In the second phase of the project, the children discovered many things about the building which they had not known before. They interviewed the principal, the secretary, the custodian, and the business manager. The children explored the building itself, measuring and counting and doing observational drawings. They made field sketches and took field notes, learning about the jobs done by different people in the building. The children collected data about the buses, the office equipment, and the history of the school/church complex. They collected data by recording, surveying, questioning, and discussing. They represented their findings in stories, drawings, paintings, collages, models, dioramas, maps, time-lines, models and diagrams. Individual children found interesting tasks to work on for several days. For example, one child became interested in a scrap book of newspaper clippings collected over the past ten years. She chose some of the most interesting events and compiled information to display in a time-line to show the history of the building over the ten years since its construction.

Phase Three—Concluding the Project

The work was collected and summarized in a class newspaper in the third phase of the project. Copies of the newspaper were given to all the people who had been interviewed. The parents were very interested in the newspaper and wanted to purchase multiple copies for other family members. T'he children wrote stories and poetry to extend and personalize their learning. This work was collected in class books and displayed on the class bulletin boards. The students also a made a class presentation to parents and to children from another classroom.

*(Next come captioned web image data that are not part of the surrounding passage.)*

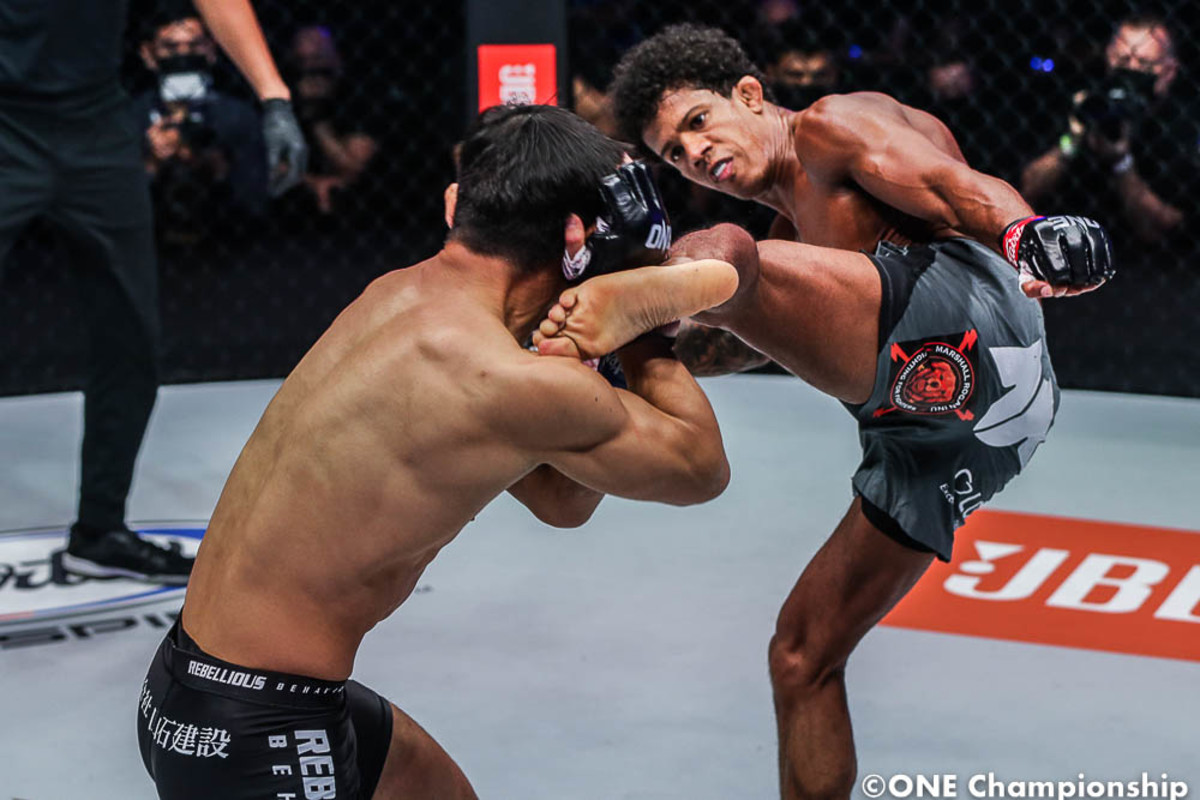 Adriano Moraes Vs. Demetrious Johnson II: 4 Keys To Victory In ONE ...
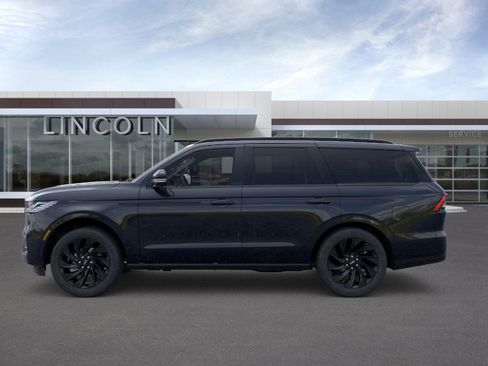 New 2026 Lincoln Navigator Reserve image 3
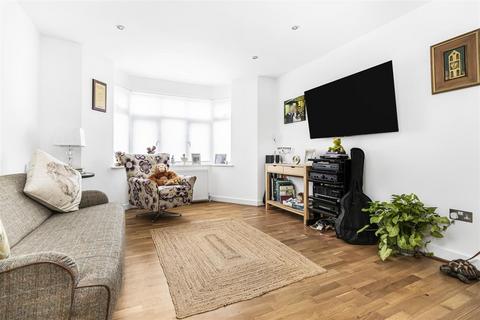 3 bedroom terraced house for sale, Kings Close, Hendon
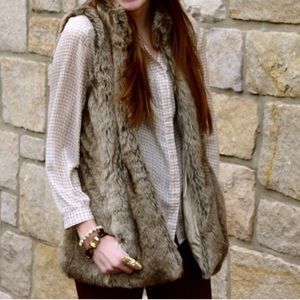 Banana Republic faux fur vest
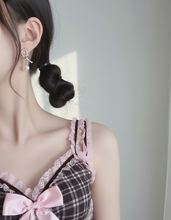 Load image into Gallery viewer, [IVE Wonyoung Earrings] Daily Silver Ribbon Earrings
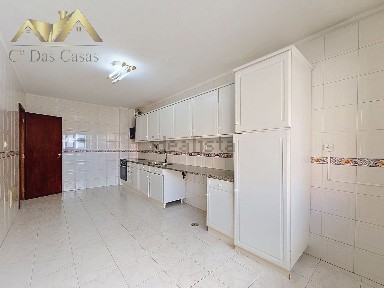 Apartamento T3 à venda na Rua César de Oliveira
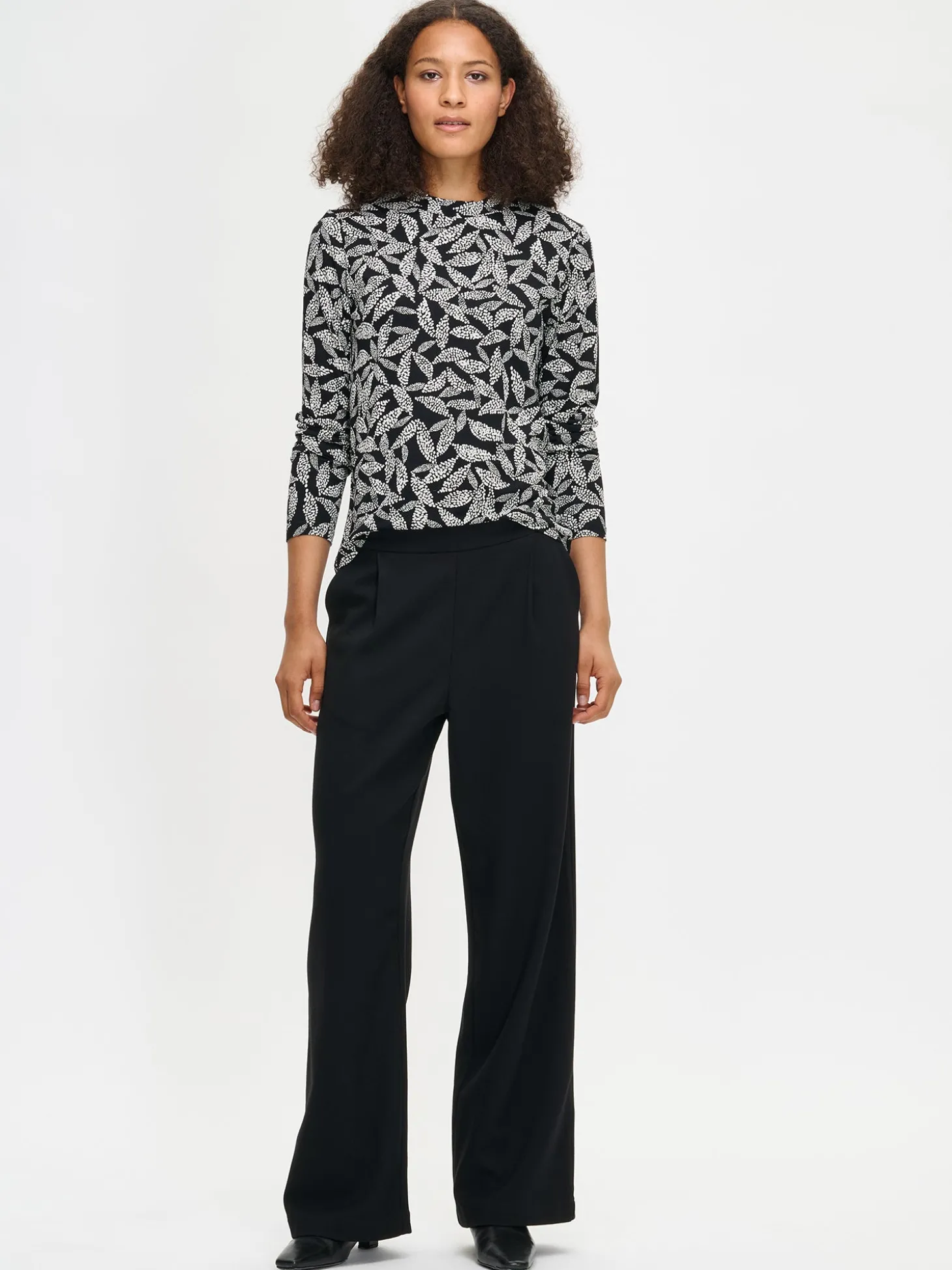 TRIINE pusero - mustavalkoinen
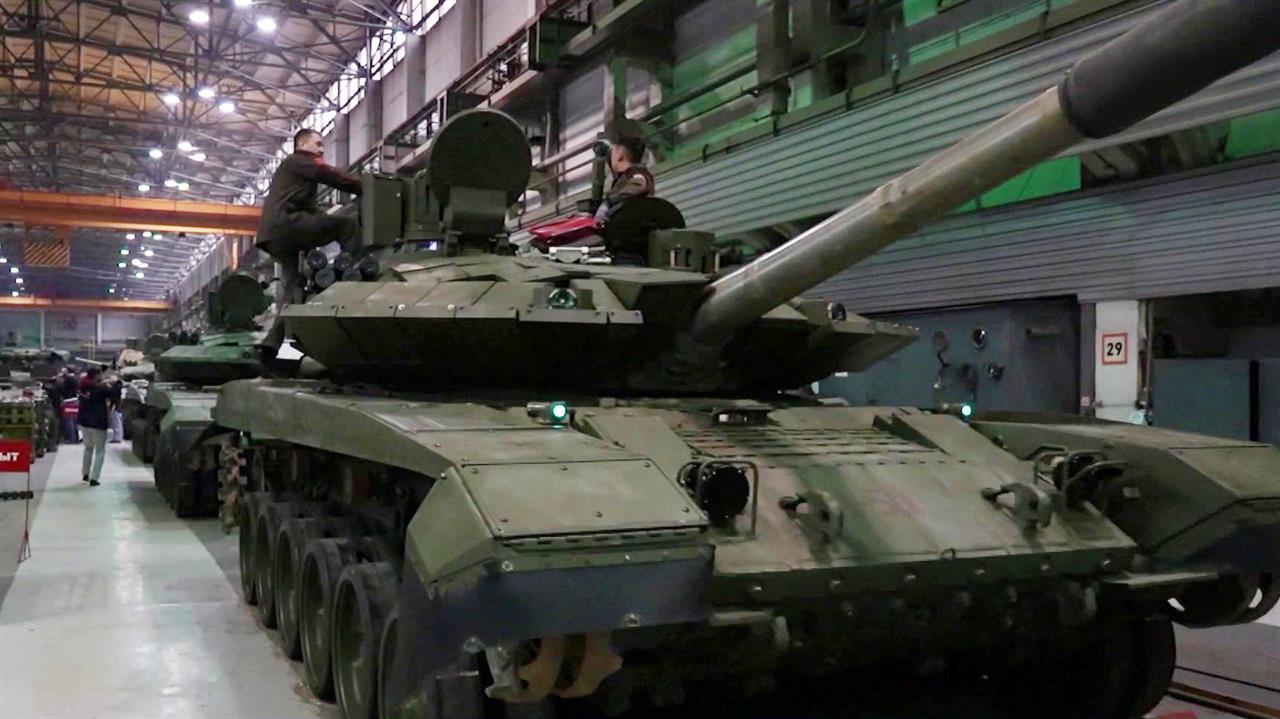 В 2026 году в войска планируется поставить более 310 тысяч образцов техники, сообщили в Минобороны. смотреть онлайн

Several parents worked in the church/school complex. These parents were very helpful and interested in the children's research. The teachers were surprised how involved the children became in developing their work and extending it to make it more interesting and more challenging. Before the end of their first project these children were suggesting to the teachers how they could go further in their work. The children were also delighted with the interest shown by other adults and children in the building in what they were doing in their project.